___ Data block
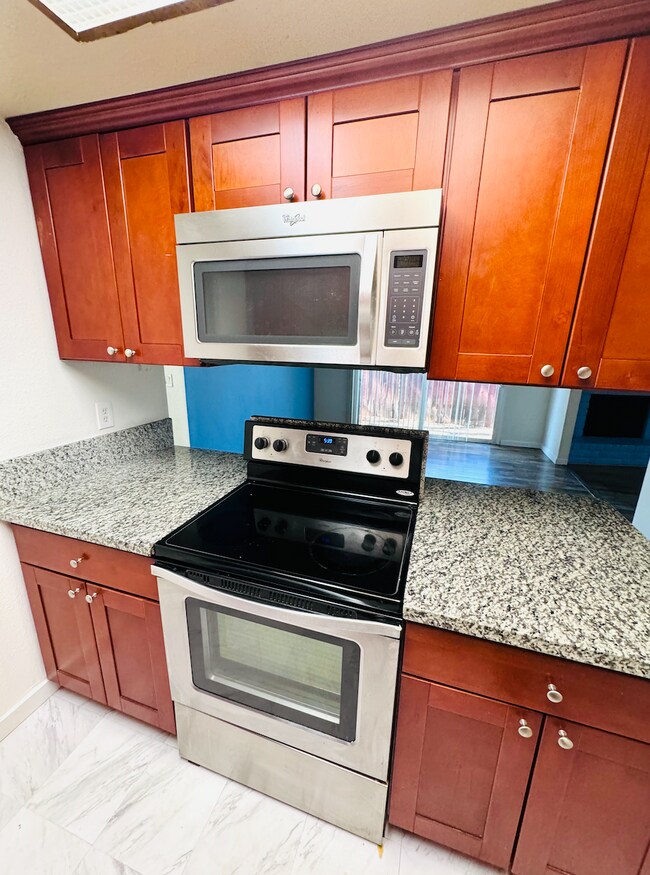 Building Photo - 5169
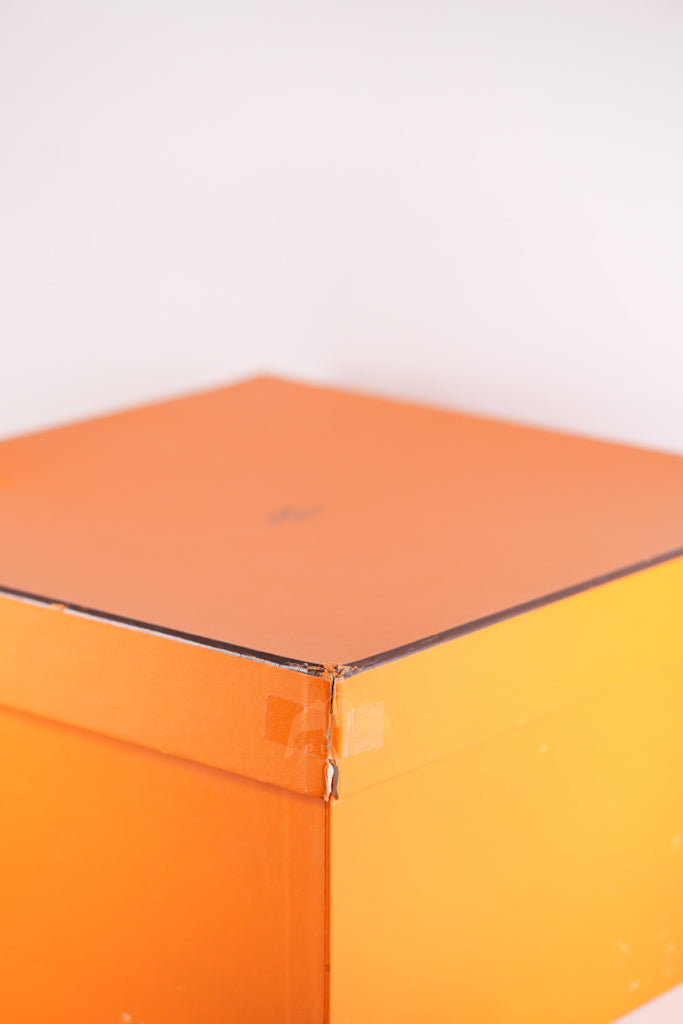 Lindy 30 in Black Clemence Leather Gold Hardware Stamp D(2019) | Purse Maison Luxury Bags Shop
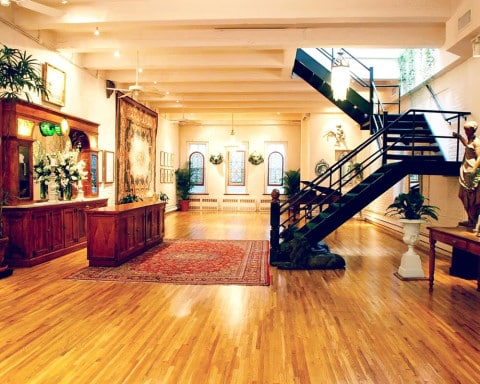 لوفت تاريخي في غرينتش فيليدج يجمع بين الطابع الصناعي واللمسات الحديثة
______
What is expected -> Restate all the material verbatim; omit every picture.

Response to the task ->
 Building Photo - 5169
 Lindy 30 in Black Clemence Leather Gold Hardware Stamp D(2019) | Purse Maison Luxury Bags Shop
 لوفت تاريخي في غرينتش فيليدج يجمع بين الطابع الصناعي واللمسات الحديثة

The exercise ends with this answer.